Joe ("John Hamilton" / Gianni Medici) now lives in the home and he's less-than-friendly to his unwelcome visitors but lets them stay the night there because the Chief Inspector gives him no other choice. For some reason Joe also keeps his nameless, scantily-clad girlfriend (Giulia Rovai) basically quarantined in their bedroom and doesn't want her to socialize with anyone else. The rain keeps coming, the phone is out because of the bad weather, eventually they lose electricity and then they learn the sordid back history of the place. It's former owner - Sheila Marlowe - was as eccentric woman who was rumored to have had an interest in the occult, may have murdered her husband but was acquitted of all charges and died under mysterious circumstances. And some of this group will also soon die under mysterious circumstances, especially after Sylvia gets bored and decides to hold a séance to contact Sheila's restless spirit.






Despite being given enough tranquilizers "to put a horse to sleep," the neurotic Donald becomes possessed (twice), frees the dangerous killer, kills his nasty wife (after she has a roughie sex fantasy about Spike chasing her around and beating her) and then kills himself. In a bit that goes absolutely nowhere, the reserved Susan also becomes possessed, climbs into bed with her boss for some hanky panky and somehow manages to not even get naked. Moaning spirits float around in the hallways. Lights flicker. Footsteps are heard. Doors creak open. Shadows form on the walls. Boxes fall over. A few people have hallucinations. Wind blows through the trees. Ticking clocking lining the hallways start and stop. Spikes lurks around outside, gets in a fist fight with one of the cops and finally bashes in his head with a rock. And the finale - which is pretty much a rip-off of THE HAUNTING - features the survivors standing around in a room as a door rattles and shakes.

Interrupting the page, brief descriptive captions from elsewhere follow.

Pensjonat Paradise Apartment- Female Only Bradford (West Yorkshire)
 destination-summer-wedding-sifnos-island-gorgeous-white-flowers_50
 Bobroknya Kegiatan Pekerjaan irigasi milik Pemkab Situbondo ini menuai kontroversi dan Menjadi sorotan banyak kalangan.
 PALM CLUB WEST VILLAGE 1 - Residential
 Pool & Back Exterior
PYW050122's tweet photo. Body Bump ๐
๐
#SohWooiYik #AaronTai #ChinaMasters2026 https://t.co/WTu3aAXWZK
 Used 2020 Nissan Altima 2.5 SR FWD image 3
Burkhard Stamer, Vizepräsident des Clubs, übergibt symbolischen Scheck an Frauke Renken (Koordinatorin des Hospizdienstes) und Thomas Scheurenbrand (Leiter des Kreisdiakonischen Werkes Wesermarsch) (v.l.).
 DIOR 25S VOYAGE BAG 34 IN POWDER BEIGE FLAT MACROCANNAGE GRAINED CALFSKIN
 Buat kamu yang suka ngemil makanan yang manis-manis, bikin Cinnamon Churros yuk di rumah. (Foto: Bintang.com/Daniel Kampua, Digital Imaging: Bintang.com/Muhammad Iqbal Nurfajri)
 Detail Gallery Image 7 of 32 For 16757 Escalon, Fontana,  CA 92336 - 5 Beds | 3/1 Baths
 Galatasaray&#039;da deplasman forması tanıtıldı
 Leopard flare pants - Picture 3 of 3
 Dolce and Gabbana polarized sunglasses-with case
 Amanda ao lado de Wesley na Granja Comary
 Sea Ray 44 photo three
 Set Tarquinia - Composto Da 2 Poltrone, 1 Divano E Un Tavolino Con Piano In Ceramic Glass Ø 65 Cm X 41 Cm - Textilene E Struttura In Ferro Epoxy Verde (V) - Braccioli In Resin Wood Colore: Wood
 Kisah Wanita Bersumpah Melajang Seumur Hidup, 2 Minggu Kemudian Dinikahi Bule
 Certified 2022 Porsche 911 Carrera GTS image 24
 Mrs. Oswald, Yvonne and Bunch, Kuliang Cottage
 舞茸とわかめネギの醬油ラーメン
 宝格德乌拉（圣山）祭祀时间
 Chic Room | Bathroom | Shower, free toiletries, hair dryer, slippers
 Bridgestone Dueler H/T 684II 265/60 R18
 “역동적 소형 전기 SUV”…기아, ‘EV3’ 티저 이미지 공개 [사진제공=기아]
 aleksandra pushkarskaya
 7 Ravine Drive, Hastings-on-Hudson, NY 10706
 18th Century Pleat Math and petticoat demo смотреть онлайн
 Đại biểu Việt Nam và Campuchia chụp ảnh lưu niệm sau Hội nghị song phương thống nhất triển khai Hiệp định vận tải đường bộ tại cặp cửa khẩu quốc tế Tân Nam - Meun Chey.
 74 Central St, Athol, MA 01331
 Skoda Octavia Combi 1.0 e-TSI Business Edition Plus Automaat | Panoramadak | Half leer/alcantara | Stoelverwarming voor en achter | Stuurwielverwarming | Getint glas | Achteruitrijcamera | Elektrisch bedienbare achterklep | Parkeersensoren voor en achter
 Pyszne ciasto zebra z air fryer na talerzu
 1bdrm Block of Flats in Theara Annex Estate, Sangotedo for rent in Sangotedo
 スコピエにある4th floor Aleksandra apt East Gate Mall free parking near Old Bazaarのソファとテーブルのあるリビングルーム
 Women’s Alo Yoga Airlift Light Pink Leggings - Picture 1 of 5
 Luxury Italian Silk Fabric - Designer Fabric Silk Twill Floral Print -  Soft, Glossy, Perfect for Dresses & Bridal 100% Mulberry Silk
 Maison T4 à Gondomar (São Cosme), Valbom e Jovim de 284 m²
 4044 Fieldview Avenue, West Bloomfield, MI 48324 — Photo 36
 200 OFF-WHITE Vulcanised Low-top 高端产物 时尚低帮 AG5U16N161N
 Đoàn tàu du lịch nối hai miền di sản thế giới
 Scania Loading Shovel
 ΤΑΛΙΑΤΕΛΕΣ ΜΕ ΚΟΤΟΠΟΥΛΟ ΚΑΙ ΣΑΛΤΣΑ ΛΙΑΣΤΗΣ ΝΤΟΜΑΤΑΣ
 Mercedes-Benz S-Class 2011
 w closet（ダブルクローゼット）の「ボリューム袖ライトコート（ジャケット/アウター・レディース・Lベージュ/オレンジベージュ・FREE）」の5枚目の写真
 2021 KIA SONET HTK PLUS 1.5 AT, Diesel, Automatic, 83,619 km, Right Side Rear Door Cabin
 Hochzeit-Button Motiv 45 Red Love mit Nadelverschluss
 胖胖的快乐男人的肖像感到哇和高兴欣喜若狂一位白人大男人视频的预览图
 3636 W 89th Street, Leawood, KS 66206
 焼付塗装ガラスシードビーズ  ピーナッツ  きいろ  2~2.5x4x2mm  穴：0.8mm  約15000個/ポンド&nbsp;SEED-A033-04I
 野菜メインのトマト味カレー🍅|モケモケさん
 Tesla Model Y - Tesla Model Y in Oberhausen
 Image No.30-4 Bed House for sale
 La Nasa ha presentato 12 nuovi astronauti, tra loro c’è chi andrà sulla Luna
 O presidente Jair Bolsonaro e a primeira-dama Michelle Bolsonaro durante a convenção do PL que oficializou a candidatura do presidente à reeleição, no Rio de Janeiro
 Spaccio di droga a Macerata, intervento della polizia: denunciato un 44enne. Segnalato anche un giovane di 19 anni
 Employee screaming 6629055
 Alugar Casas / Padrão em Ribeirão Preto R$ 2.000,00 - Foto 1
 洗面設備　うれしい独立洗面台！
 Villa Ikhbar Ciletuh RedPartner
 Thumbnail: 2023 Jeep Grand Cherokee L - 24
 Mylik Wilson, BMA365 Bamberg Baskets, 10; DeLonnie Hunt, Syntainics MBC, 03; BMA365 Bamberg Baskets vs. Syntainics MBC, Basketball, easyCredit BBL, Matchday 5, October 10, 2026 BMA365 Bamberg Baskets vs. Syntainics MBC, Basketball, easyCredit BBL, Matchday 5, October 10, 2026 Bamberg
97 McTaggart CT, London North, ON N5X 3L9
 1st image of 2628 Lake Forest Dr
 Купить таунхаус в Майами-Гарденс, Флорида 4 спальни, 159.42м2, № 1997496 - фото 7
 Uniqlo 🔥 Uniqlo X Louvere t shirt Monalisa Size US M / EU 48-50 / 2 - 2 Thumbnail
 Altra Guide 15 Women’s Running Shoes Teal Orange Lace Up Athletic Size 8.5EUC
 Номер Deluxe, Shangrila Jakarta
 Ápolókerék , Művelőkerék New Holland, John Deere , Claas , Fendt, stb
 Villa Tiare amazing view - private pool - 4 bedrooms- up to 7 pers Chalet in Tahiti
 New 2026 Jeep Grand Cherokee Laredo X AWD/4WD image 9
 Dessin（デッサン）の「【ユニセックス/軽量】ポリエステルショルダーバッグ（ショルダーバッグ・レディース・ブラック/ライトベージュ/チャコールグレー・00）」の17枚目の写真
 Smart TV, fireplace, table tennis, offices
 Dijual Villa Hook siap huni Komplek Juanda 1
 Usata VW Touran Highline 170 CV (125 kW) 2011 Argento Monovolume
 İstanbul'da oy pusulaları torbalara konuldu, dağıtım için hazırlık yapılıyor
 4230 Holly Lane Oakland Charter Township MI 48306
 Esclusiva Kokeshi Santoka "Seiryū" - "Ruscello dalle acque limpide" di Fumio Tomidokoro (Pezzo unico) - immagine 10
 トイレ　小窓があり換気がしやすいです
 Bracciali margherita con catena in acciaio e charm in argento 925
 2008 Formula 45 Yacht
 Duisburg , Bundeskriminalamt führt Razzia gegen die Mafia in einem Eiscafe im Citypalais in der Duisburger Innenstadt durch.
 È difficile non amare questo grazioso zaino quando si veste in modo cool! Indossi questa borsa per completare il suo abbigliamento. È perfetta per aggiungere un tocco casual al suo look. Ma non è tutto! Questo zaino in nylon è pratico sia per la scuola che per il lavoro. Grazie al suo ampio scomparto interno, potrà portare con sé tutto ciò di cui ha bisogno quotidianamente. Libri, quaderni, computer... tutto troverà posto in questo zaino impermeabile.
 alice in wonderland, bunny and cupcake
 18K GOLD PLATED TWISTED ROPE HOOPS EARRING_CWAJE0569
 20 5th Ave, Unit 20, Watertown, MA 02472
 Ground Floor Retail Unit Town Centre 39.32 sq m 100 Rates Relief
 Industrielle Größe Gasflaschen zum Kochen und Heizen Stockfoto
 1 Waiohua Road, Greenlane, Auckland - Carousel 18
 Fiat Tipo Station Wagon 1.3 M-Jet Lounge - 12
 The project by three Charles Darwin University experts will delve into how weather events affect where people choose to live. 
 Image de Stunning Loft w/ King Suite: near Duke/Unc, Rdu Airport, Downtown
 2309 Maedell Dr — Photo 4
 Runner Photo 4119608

Sounds like your typical old dark house set-up with a dash of Ten Little Indians, right? Unfortunately, this painfully dull and utterly pointless dud - perhaps an attempt at a 'classier' old-fashioned film - goes absolutely nowhere. There's zero suspense, the characters are unlikable, the dialogue is awful, the storyline is unfocused, exploitation elements are almost non-existent (there's no gore and one brief nude scene), it takes a full hour to get to the first murder sequence and it just kind of peters out with a non-thrilling non-ending. Even the presentation of this material is completely flat. This could very well be the least atmospheric Italian Gothic horror film of the 60s and 70s. There's hardly any good camerawork and the drab sets are sparsely decorated just like a porno movie set. I kept playing "Where's Waldo?" scouring the rooms for a potted plant just to help pass the time.







The version I viewed (titled Something Creeping in the Dark) was the Japanese release through Midnight Video. It's widescreen and English-dubbed. The one second flash of female frontal nudity is scrambled but I'm afraid a million and one singing, dancing hoo-ha's twirling flaming batons couldn't save this one.